Blast radius of partial_outage_policy=strict

With strict, one ECPDS server going away takes the whole plugin to 503. Any reader on a stream with plugins: ["ecpds"] will see 503 until the missing server returns. The destination list itself would still be a union once both servers respond again; the policy only governs how strictly we treat per-server failures.

If you would rather keep serving requests during a partial outage at the cost of possibly missing entitlements that lived only on the unreachable server, switch to partial_outage_policy: any_success. Read the trade-off in the Partial-outage policy section before flipping.
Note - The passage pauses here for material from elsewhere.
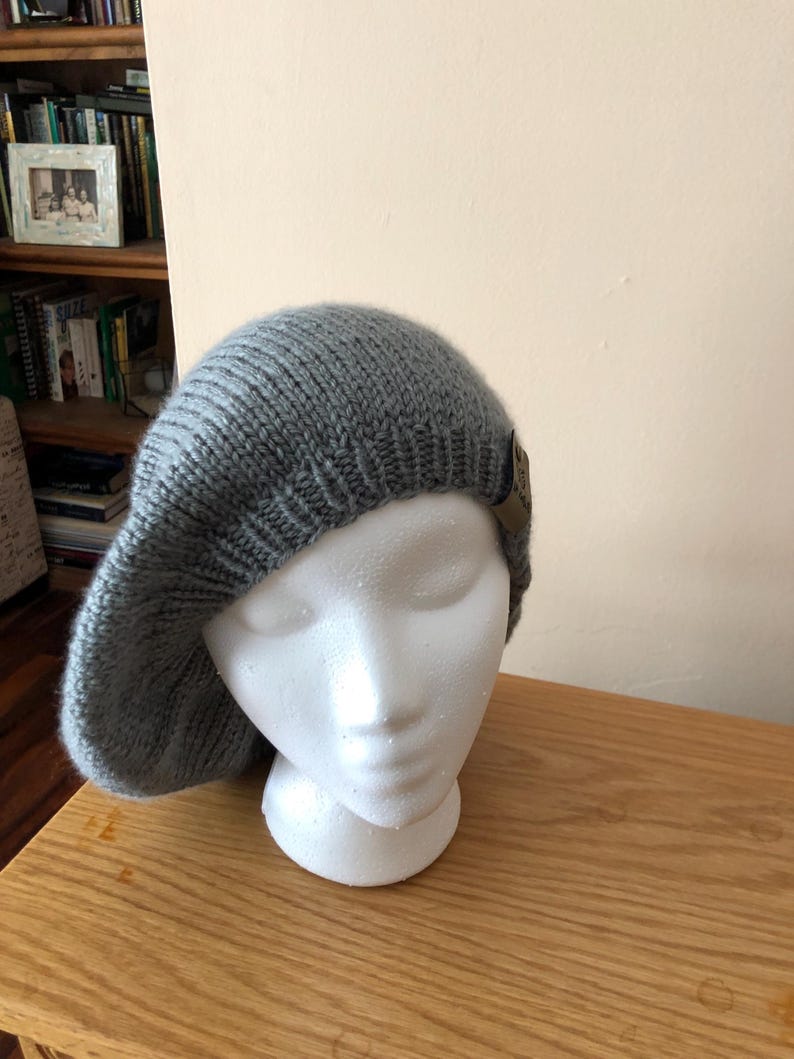 May include: A gray knit beret displayed on a white foam mannequin head. The beret has a ribbed texture and a small, brown leather tag. The hat is made of a soft, warm material, perfect for cold weather.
What "the cache is process-local" implies

  • Restarting Aviso flushes everyone's destination cache. Expect a brief upstream-call spike right after a restart.
  • Multiple Aviso replicas keep independent caches. A user routed to a different replica will see a fresh fetch.
  • There is no admin endpoint to flush a single user's cache. The next request after cache_ttl_seconds will re-fetch automatically. For an immediate flush, restart the replica.

What this runbook deliberately does not tell you

  • ECPDS API specifics. There is no public ECPDS REST documentation as of this writing. What Aviso assumes about the response shape (e.g. destinationList[].name, success: "yes") is captured as automated contract tests under aviso-ecpds/tests/fixtures/ and aviso-ecpds/tests/contract.rs. If those tests start failing on a real ECPDS environment, the contract has changed and Aviso needs an update.
  • Kerberos, mTLS, or SSO to ECPDS. Aviso uses HTTP Basic Auth only. Switching to a different auth mechanism would need code changes.